*EXERCISE DESCRIPTION*:
I'd like the records transcribed exactly, leaving the images out.

*DATA PROVIDED*:
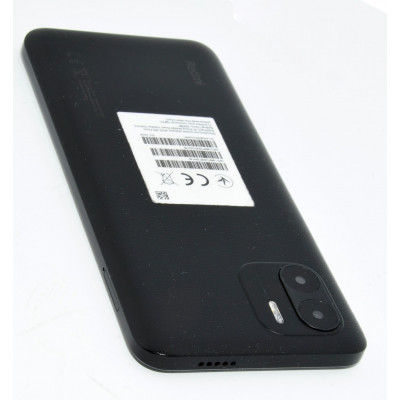 XIAOMI REDMI A1 32GB NEGRO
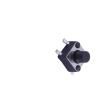 TS-1109S-C-D Tactile Switches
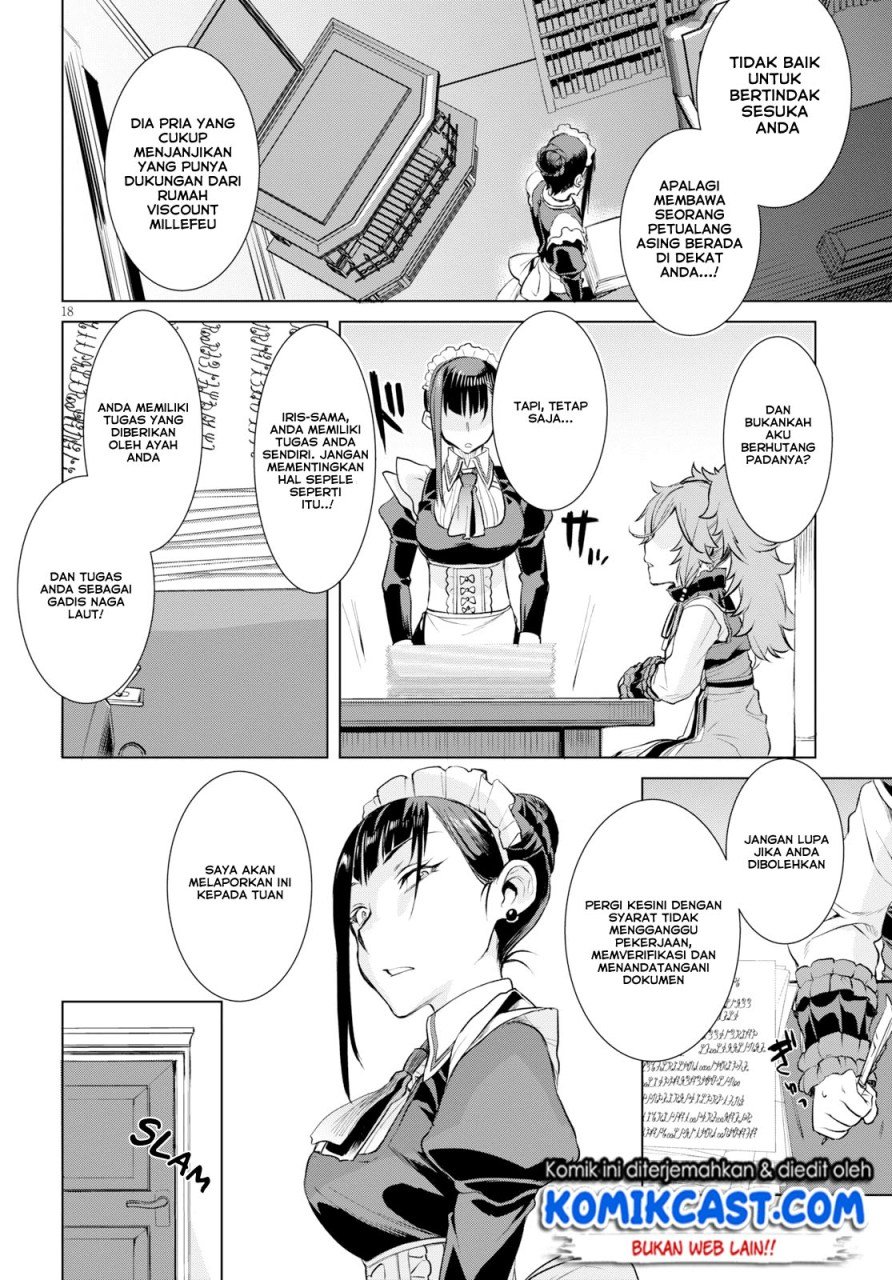 Chapter 25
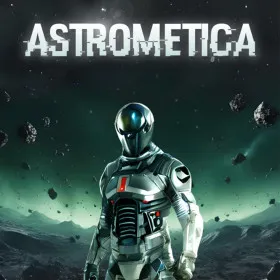 Astrometica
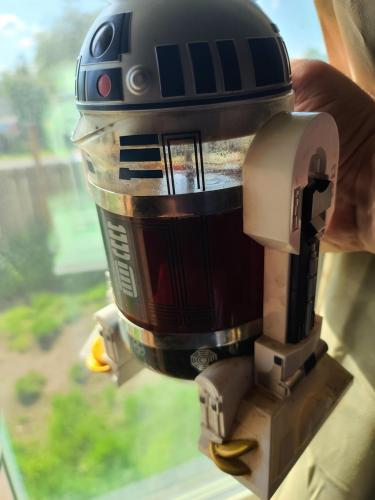 16:34:09 GMT-0700 (PDT)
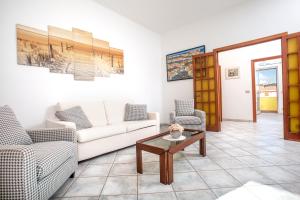Residence Ponente img10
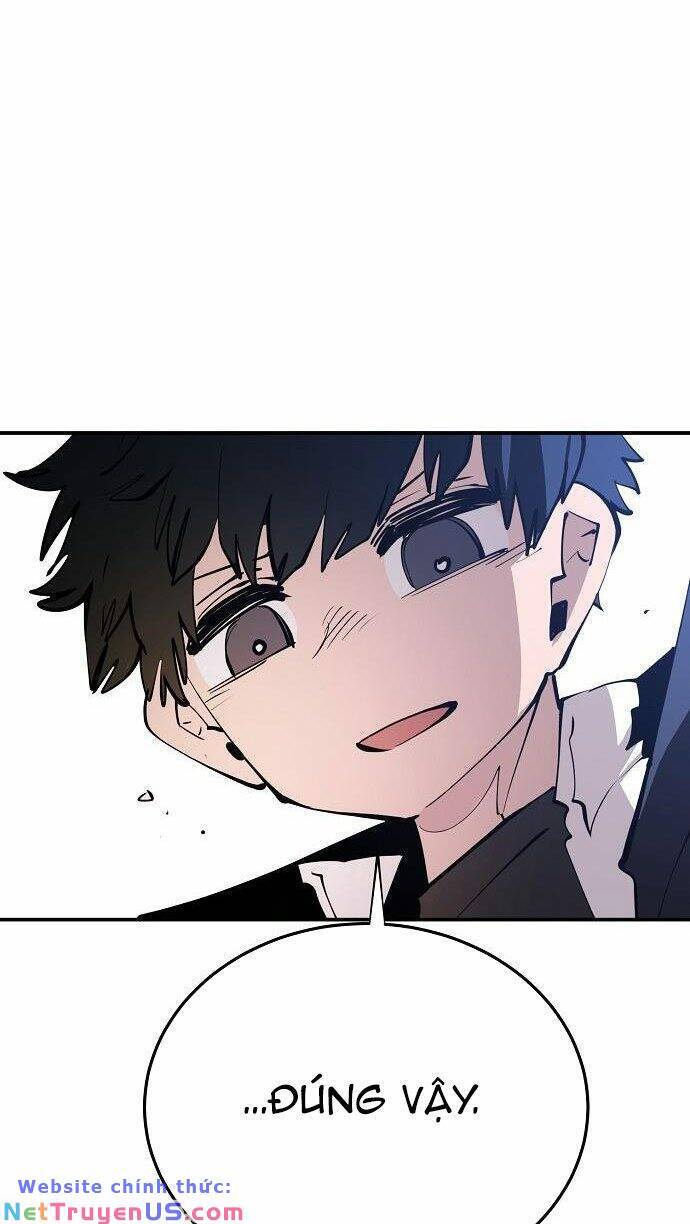 Player chapter 106 - Upload bởi truyensieuhay.com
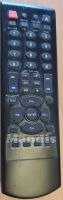 Original remote control TCM 288264
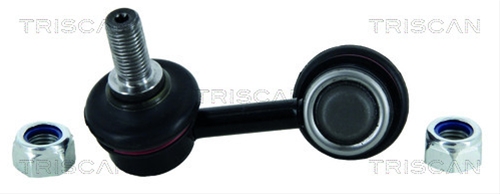 BRAT/BIELETA SUSPENSIE, STABILIZATOR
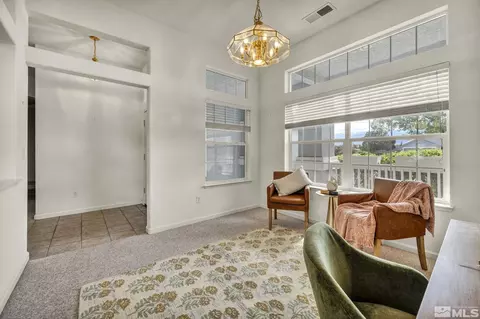 9596 Rockcrawler Ct, Reno, NV 89521 photo 11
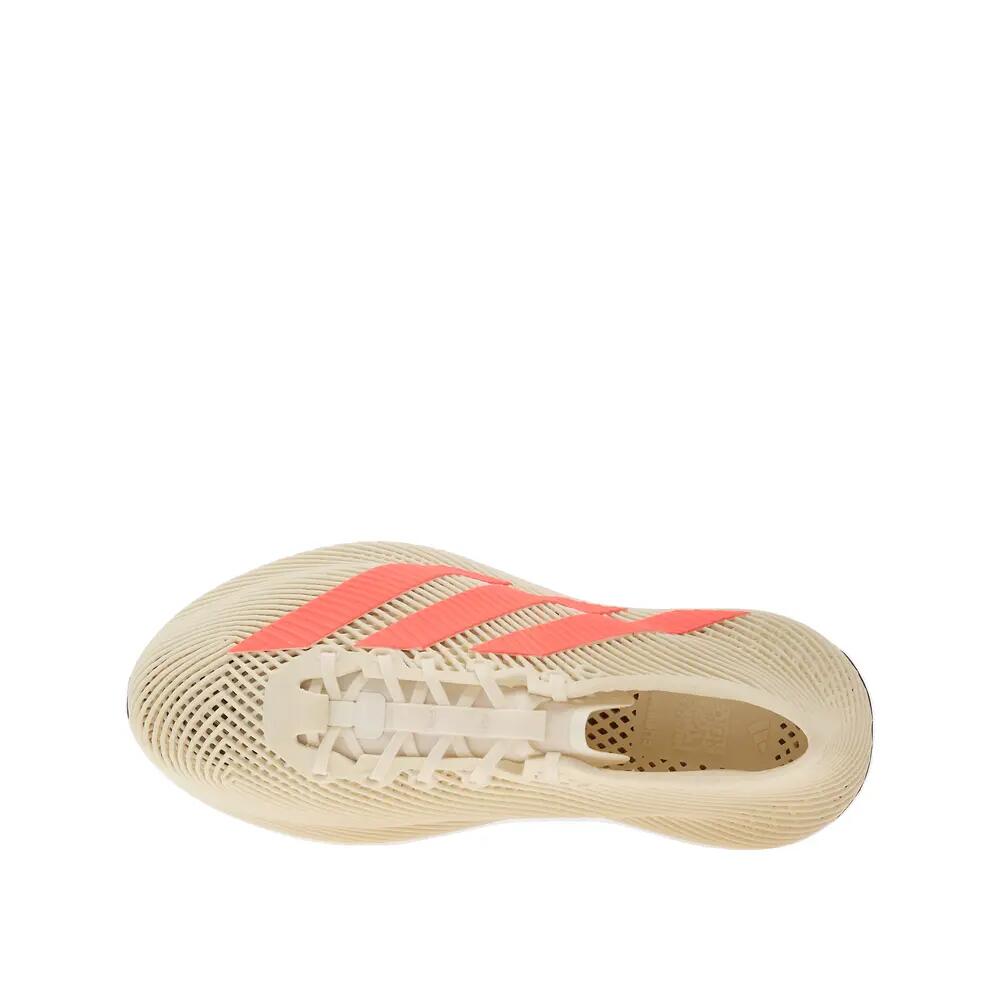 Zapatillas adidas CLIMACOOL Off White/Solar Turbo/Core Black 3/9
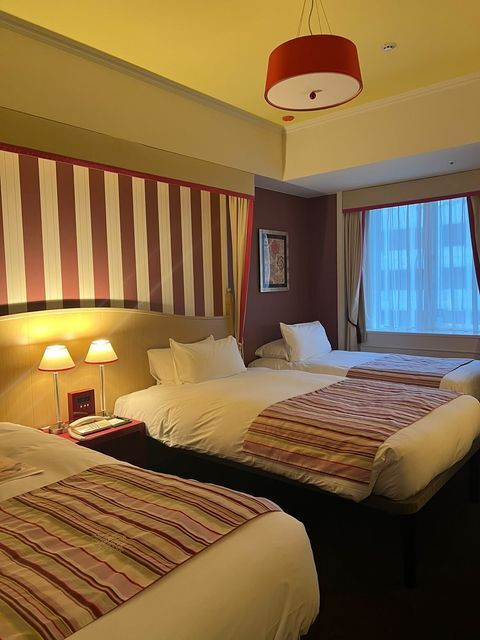 _____o6o9さんの写真 / 1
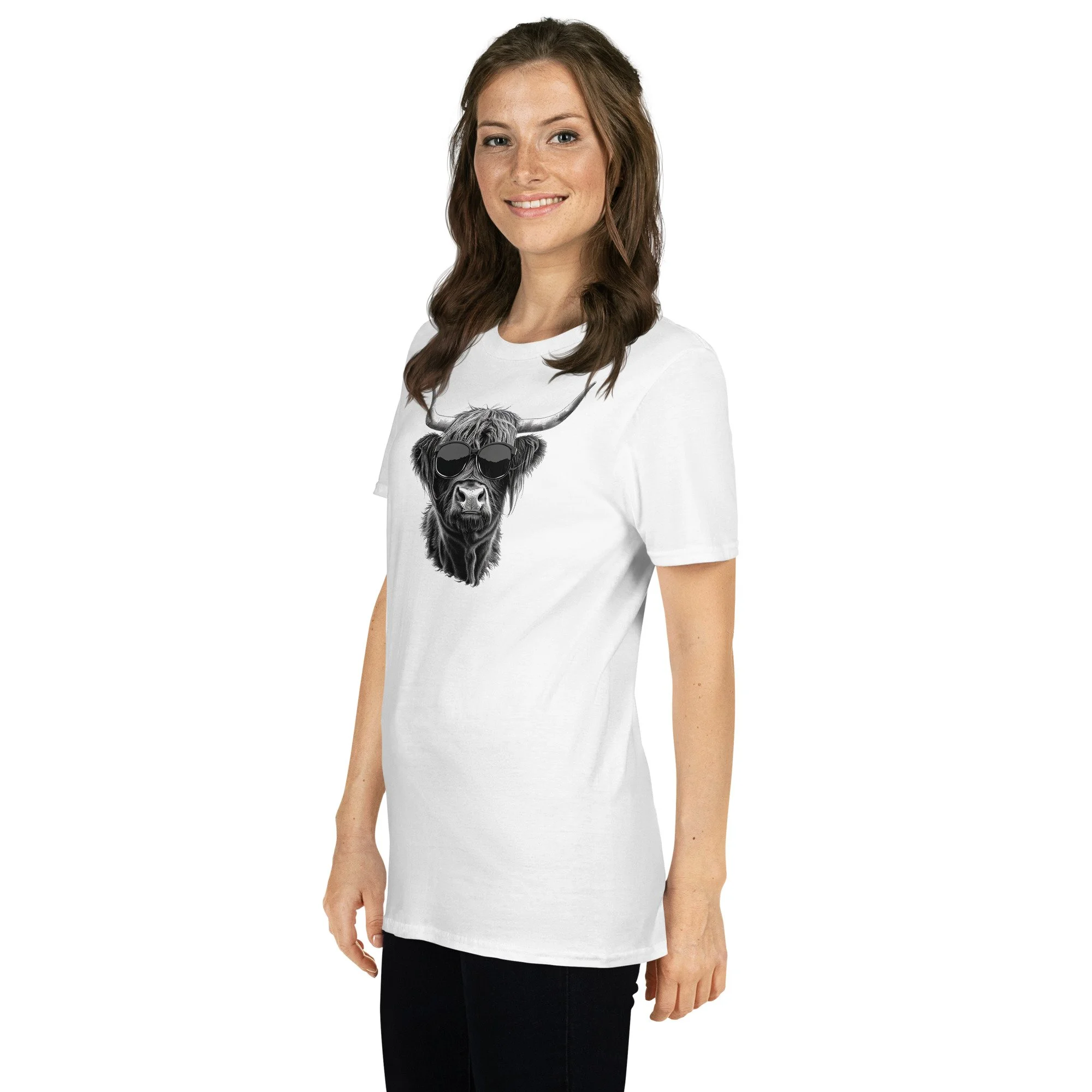 unisex-basic-softstyle-t-shirt-white-left-front-669ffd9072cc6.jpg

*EXERCISE ANSWER*:
 XIAOMI REDMI A1 32GB NEGRO
 TS-1109S-C-D Tactile Switches
 Chapter 25
 Astrometica
 16:34:09 GMT-0700 (PDT)
Residence Ponente img10
 Player chapter 106 - Upload bởi truyensieuhay.com
 Original remote control TCM 288264
 BRAT/BIELETA SUSPENSIE, STABILIZATOR
 9596 Rockcrawler Ct, Reno, NV 89521 photo 11
 Zapatillas adidas CLIMACOOL Off White/Solar Turbo/Core Black 3/9
 _____o6o9さんの写真 / 1
 unisex-basic-softstyle-t-shirt-white-left-front-669ffd9072cc6.jpg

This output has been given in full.